The City of Vision

ONE easily gets a cross-section view of the United States in nine northern counties of New Jersey, because here are to be seen, according to government census, the eleventh industrial city of the country and a contiguous community of homes that range from the humble cottage to the large estate.

In this metropolitan area one finds the early and later American. It has a population of two million, three hundred thousand; Newark, with four hundred and fifty thousand souls, is its centre.

On June 11, 1924, Newark’s Central High School children erected a tablet which reads in part; ‘Here the tide was turned on the morning of November 21, 1780, in a running fight and skirmish between Newark’s Minute Men, under the command of Colonel Phil Van Cortland, and a party of about one hundred refugees and British soldiers. Newark’s one thousand souls manfully stopped the infantry.’ This big bronze tablet, placed on the outer wall of one of Newark’s famous institutions, was an invitation to tell the result of that skirmish to-day.

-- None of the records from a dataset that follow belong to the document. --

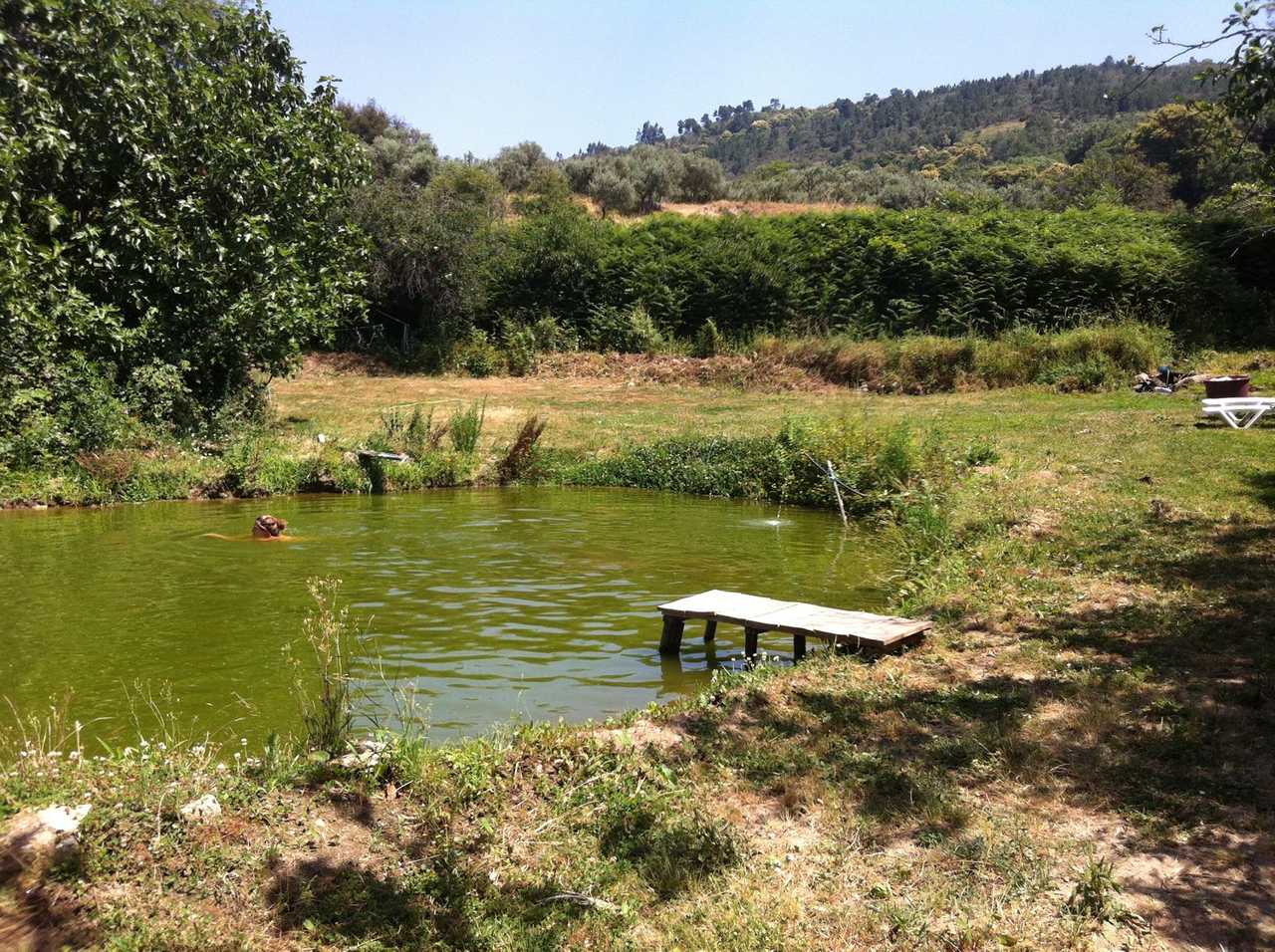Vegan/vegetarian Eco Retreat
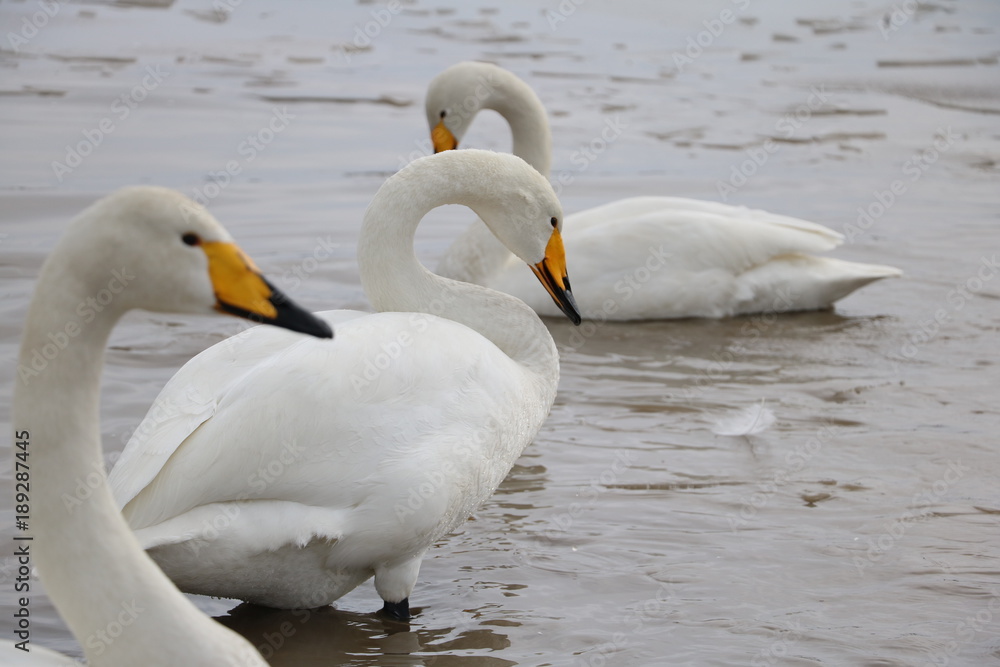 Obraz premium 白鳥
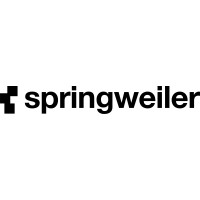 springweiler ingenieure logo - Similar company to Oekogeno Eg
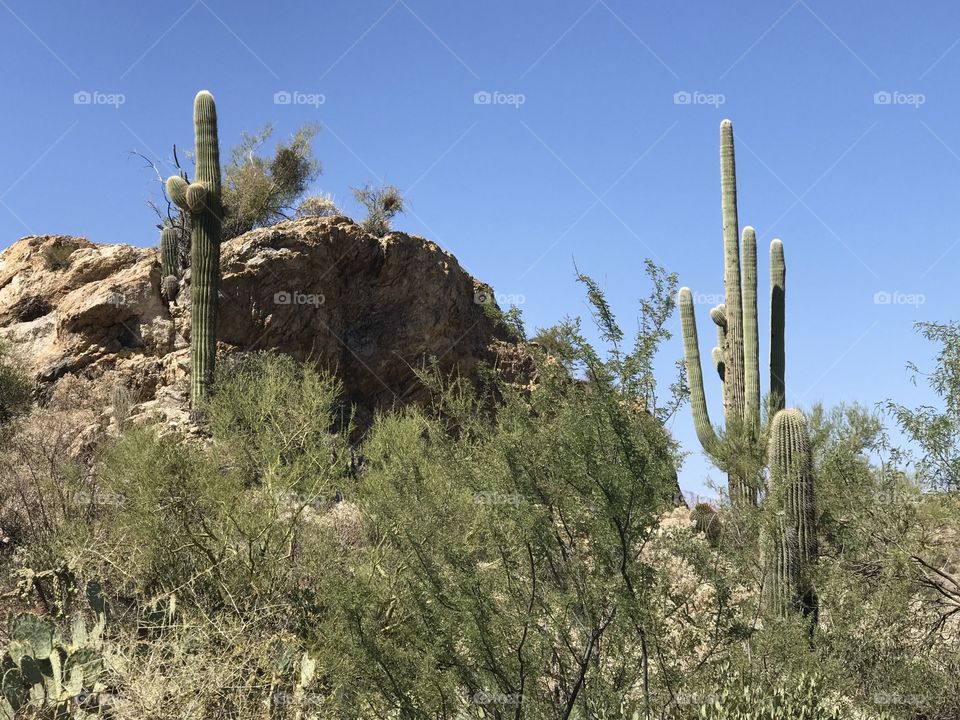 Stunning desert landscape in Saguaro National Park — Arizona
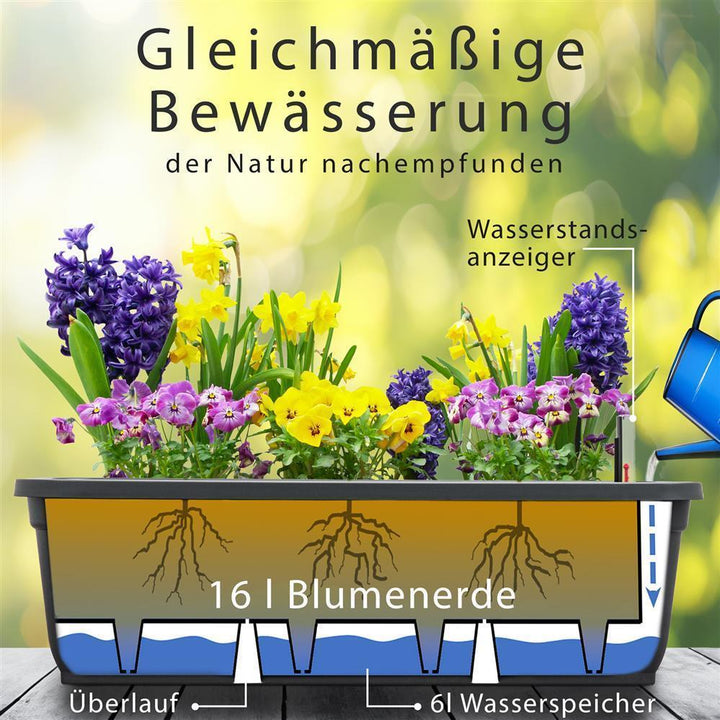 Blumenkasten 3er Set, Anthraziit, 80cm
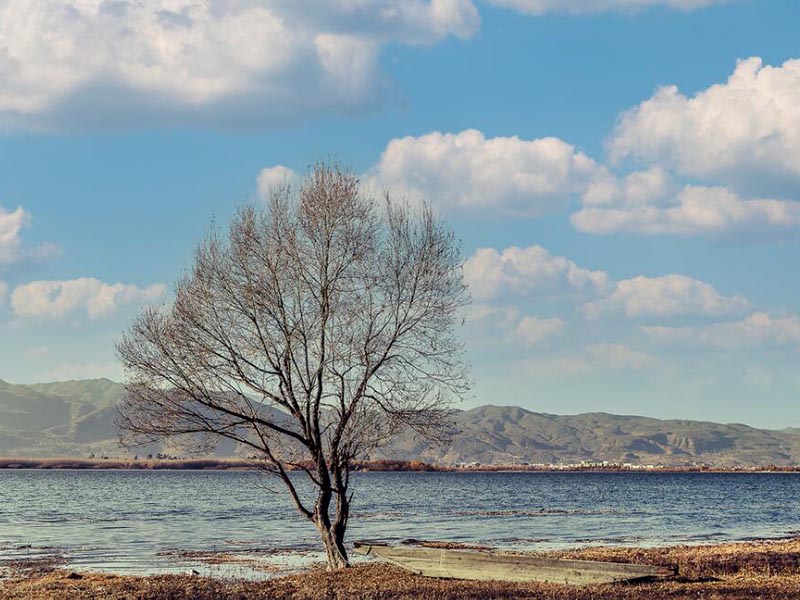 飲用水pH值標(biāo)準(zhǔn)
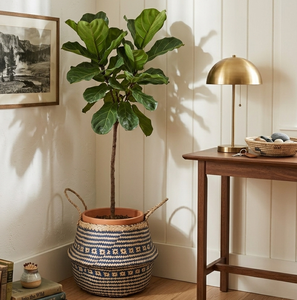 Woven <b>Belly</b> <b>Basket</b> Nursery Storage <b>Basket</b> Planter <b>Basket</b> Coastal <b>Basket</b> Minimalist Storage <b>Basket</b> Collapsible Storage <b>Basket</b> - Product Image 3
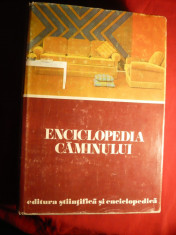 Ecat.Oproiu s.a.- Enciclopedia Caminului -Ed.Stiintifica 1975 foto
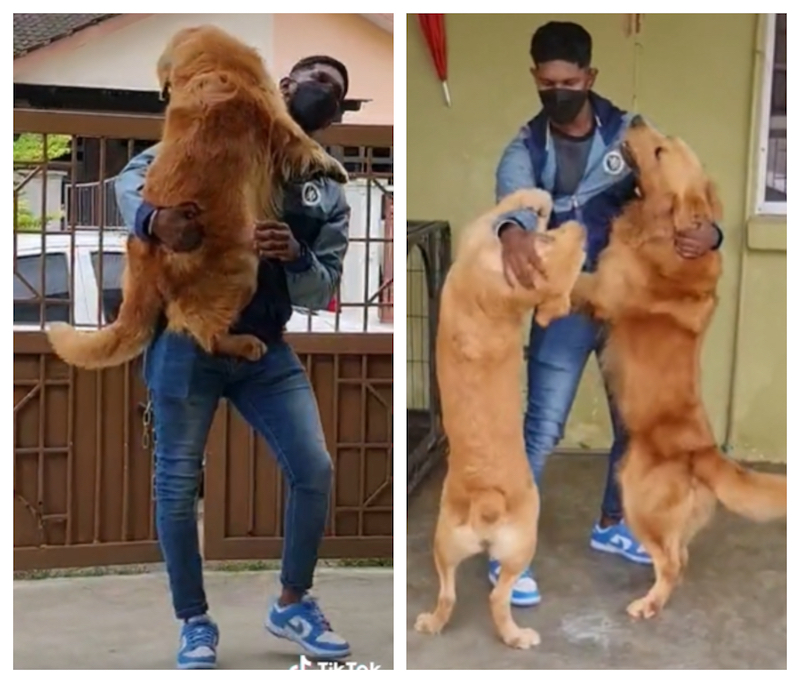 After 486 days in Singapore, Malaysian man reunites with his two Golden Retrievers in a video that warms hearts online (VIDEO)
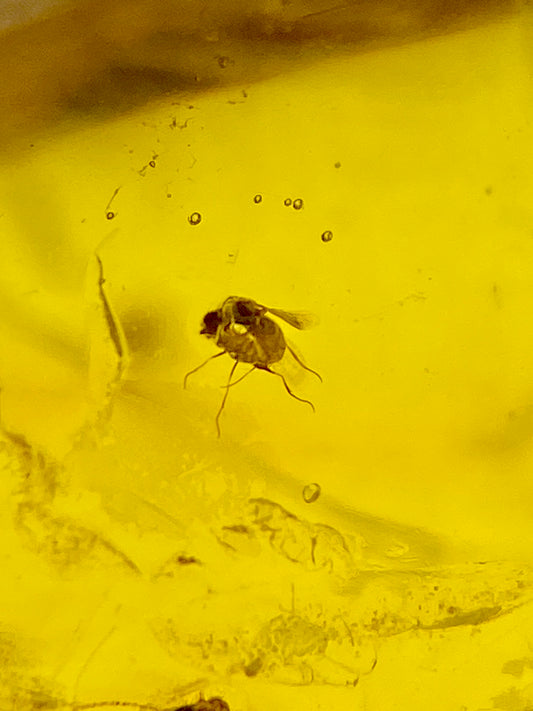 Ámbar Dominicano con Dípteros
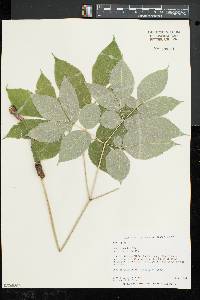 Aralia nudicaulis image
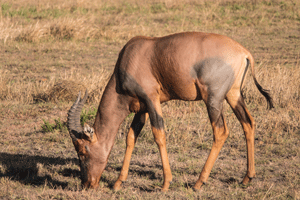 Common Tsessebe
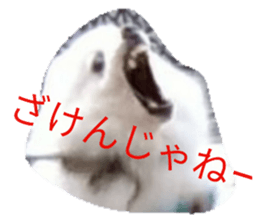 160965783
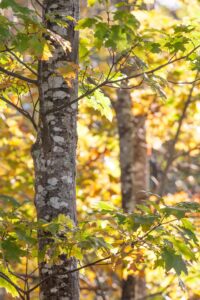 Oak Trees in Niantic Property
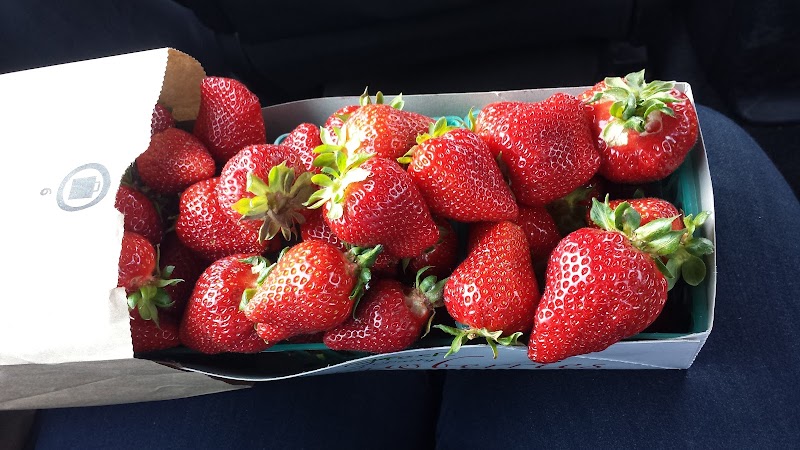 Lao Strawberries photo 2
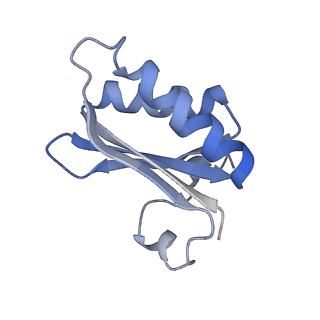 20207_6owg_BG_v1-2
Structure of a synthetic beta-carboxysome shell, T=4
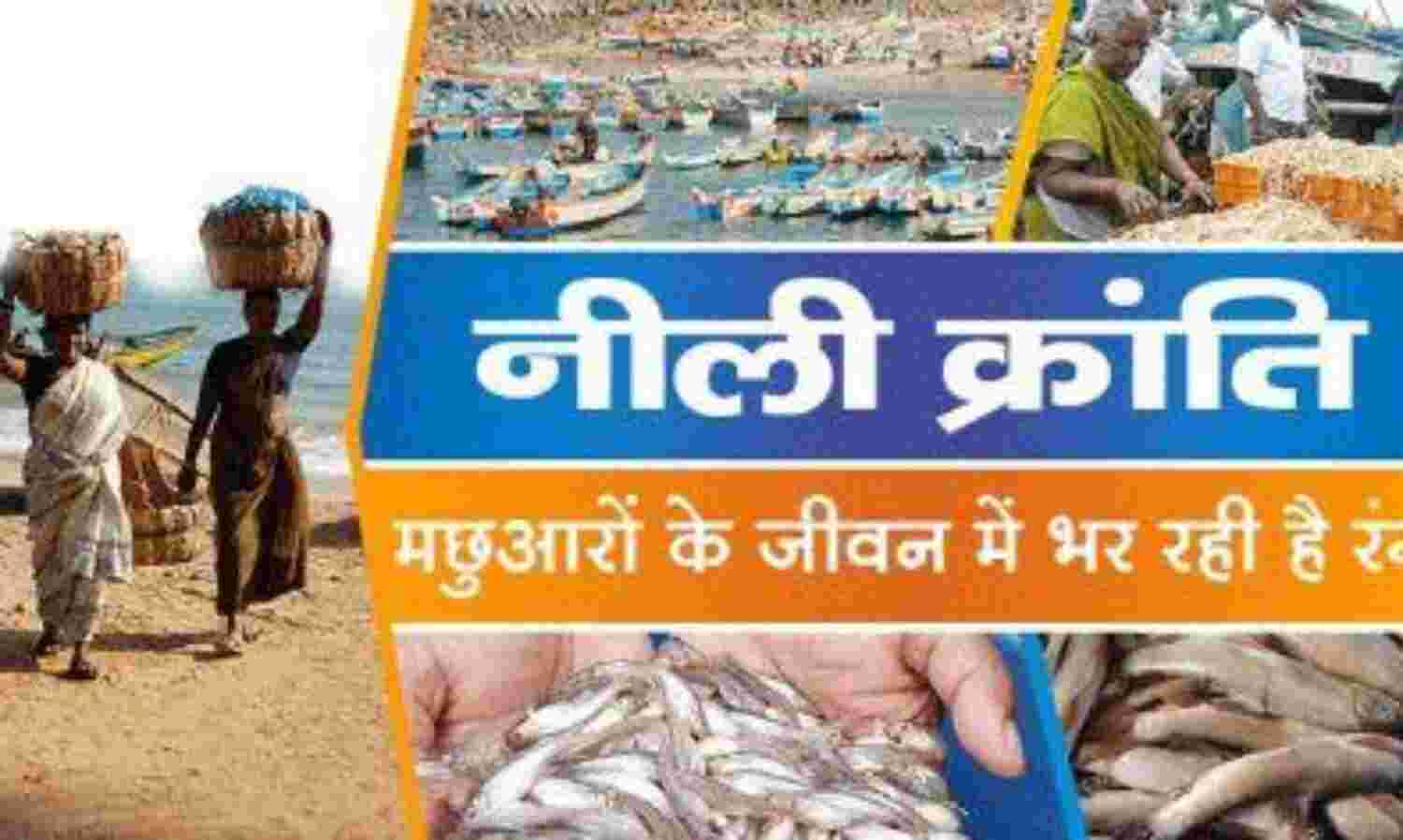 नीली क्रांति मानवता के लिए कहीं अभिशाप न बन जाए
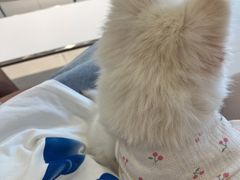 -怪兽屋·羊驼·猫咖·狗咖(俊华广场店)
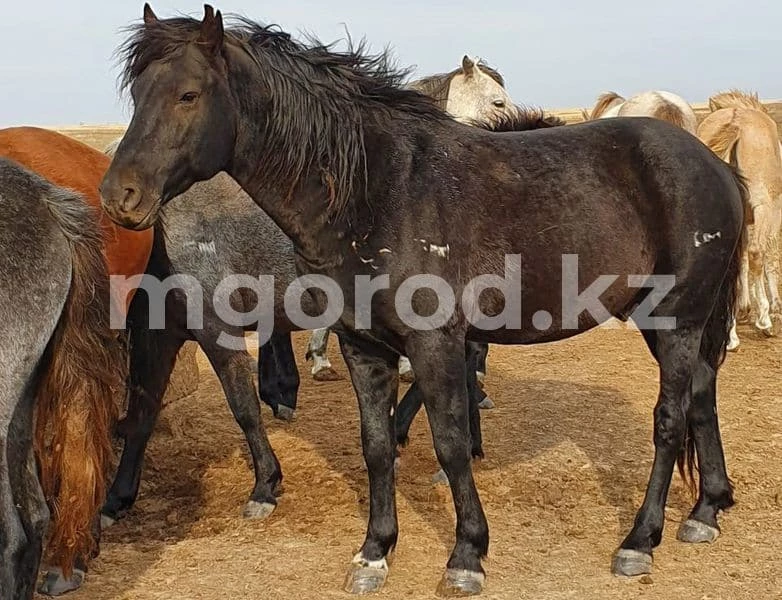 Иностранец сбил четырёх лошадей на трассе в Атырауской области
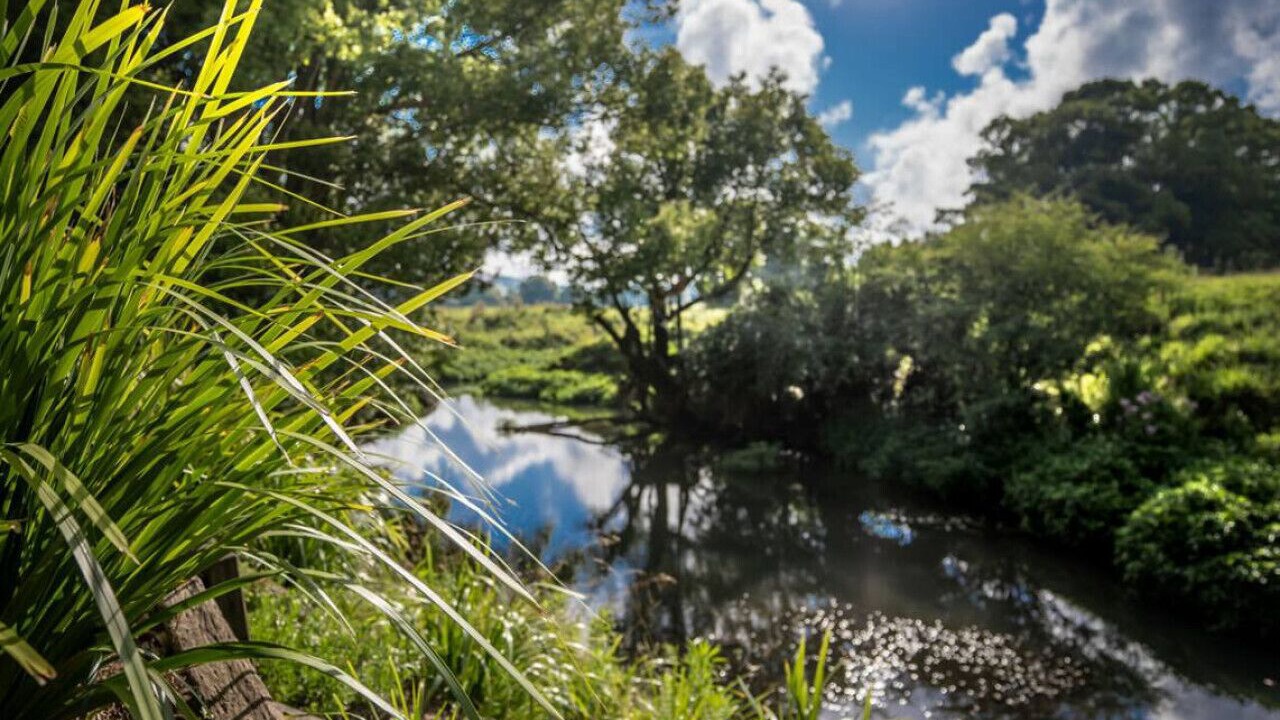 Photo of Outdoor in Bangalow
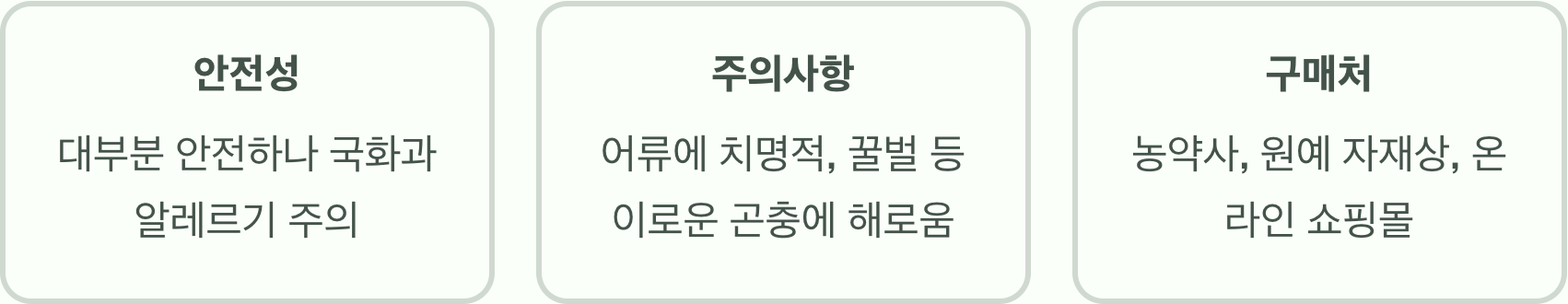 천연 살충제의 왕, 제충국 효능의 모든 것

One enters this concern, known as L. Bamberger and Company, — which has for its shibboleth ’One of America’s Great Stores,’ — and learns from the management that there are thirty-two hundred coworkers operating in one hundred thousand square feet, in all their varied forms of service. Peak days see over one hundred thousand people entering the store, where one buys for cottage or estate practically everything that is made in the world.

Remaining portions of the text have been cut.